The mother-of-five said she wants further action taken as the Director of Public Prosecutions is to appeal the leniency of the sentence handed down to her paedophile father Patrick O'Brien.
Rapist O'Brien was jailed last month amid unprecedented criticism of trial Judge Paul Carney who reversed an earlier decision to release the 72-year-old on bail pending his appeal.
But the DPP has informed Mrs Doyle they now plan to ask the appeal court to increase the sentence, 12-years in jail with nine suspended.
"I have found the prospect of my father having to serve only 18 months, if that, of the three-year term that was imposed both upsetting and distressing," Mrs Doyle said.
O'Brien abused his daughter, now 47, once a week from the age of eight.
Mrs Doyle first made a complaint about the abuse to gardai and health workers 20 years ago.
O’Brien’s wife Breda stood by him throughout the garda investigation and court case and after he was jailed Mrs Doyle said that her parents wanted nothing to do with her.
Prosecutors yesterday informed her of plans to launch an appeal to have the sentence against her father increased.
"I will now put my faith in the justice system once again in the hope that my father receives a sentence that better reflects the gravity of the crime," she said.
It is not clear when or if action could be taken against her mother.
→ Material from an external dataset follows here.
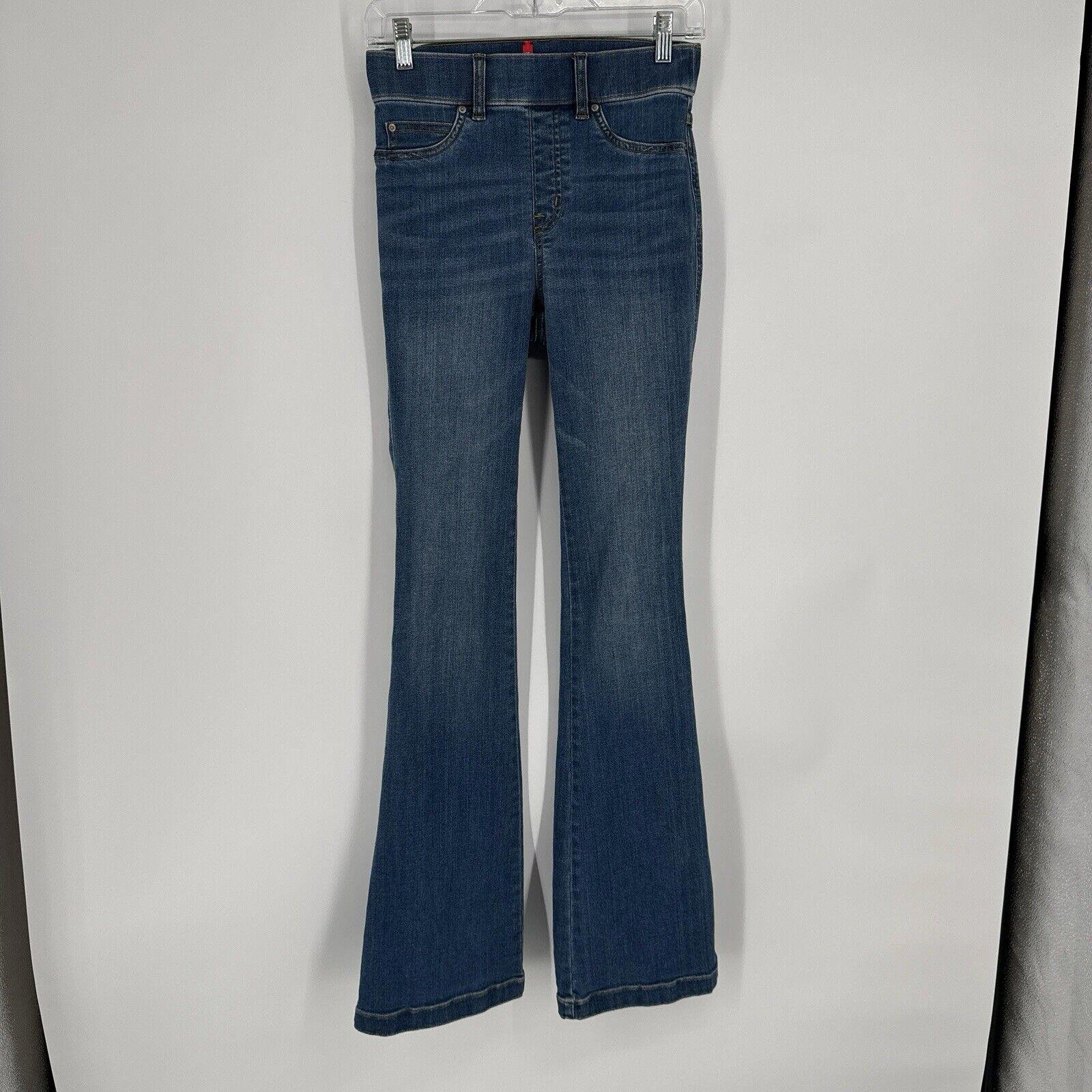 Spanx jeans womens XS blue high rise pull on flare festival retro 70s stretch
It is understood there would be difficulties bringing charges against Breda O'Brien, also known as Bridget, under reckless endangerment or failure to safeguard a child as the legislation is not retrospective.
"People in this country have shown that they want offenders, particularly in cases of prolonged sexual abuse, to receive sentences that are in keeping with the seriousness of the crime," Mrs Doyle said in a statement.
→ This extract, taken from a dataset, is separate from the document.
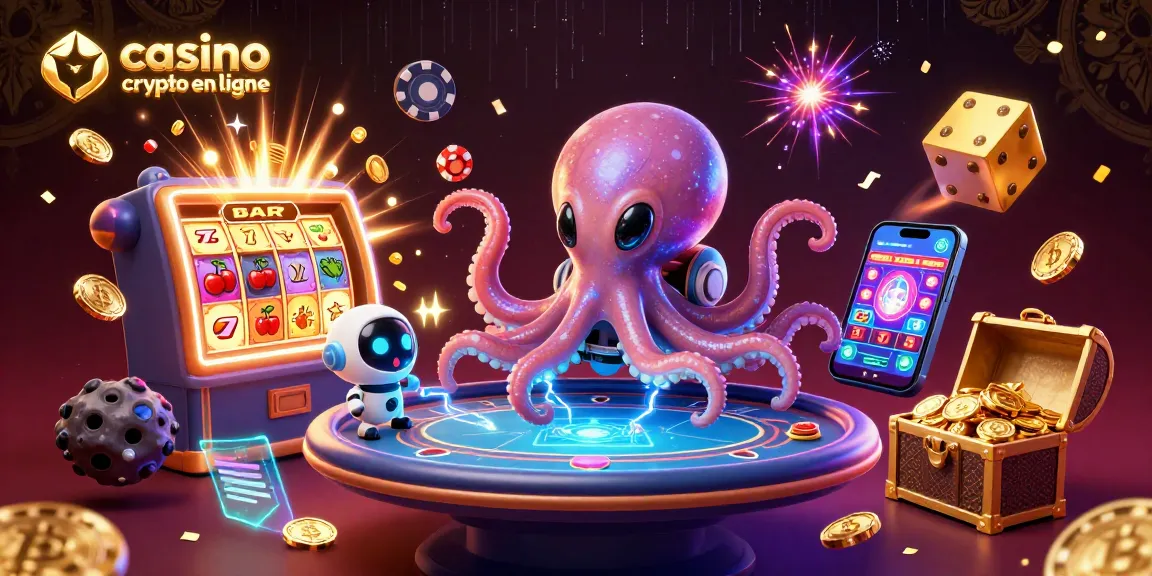 Illustration animée captivante sur un casino crypto en ligne avec un poulpe extraterrestre et des jeux de hasard.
"Our children need to be protected and abusers need to know they will be held accountable and will be subjected to the full force of the law."
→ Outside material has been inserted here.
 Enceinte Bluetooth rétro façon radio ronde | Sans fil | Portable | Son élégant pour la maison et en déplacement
O'Brien, of Old Court Avenue, Bray, Co Wicklow, pleaded guilty to 16 charges of the rape and indecent assault of his daughter from 1973 to 1982.
The brutal ordeal began on the night before her First Holy Communion.
He was sentenced but initially walked from the court on bail pending an appeal, certified by Judge Carney.
The move prompted a barrage of criticism from Rape Crisis Network Ireland, politicians and abuse survivor campaigners.
Taoiseach Enda Kenny also intervened and met Ms Doyle in person to hear her concerns about the justice system.
No application for appeal had been made at the time by either O'Brien's defence lawyers or state prosecutors to challenge the sentence at the three-judge Court of Criminal Appeal.
A week later, Judge Carney, regarded as one of the country's most senior criminal judges, accepted that the decision to release O'Brien had been inappropriate and insensitive and he jailed him.
He insisted that the bail policy had followed previous court rulings.
Ellen O'Malley-Dunlop, chief executive of the Dublin Rape Crisis Centre, said the DPP appeal is very positive for other victims.
"It will also have far reaching positive effects for the safety of Irish Society. It sends a message to perpetrators of these crimes that they will be punished appropriately," she said.
Later, the Courts Service confirmed that the DPP had lodged papers in the office of the Court of Criminal Appeal.
The appeal is being taken on the grounds of "undue leniency" of sentence.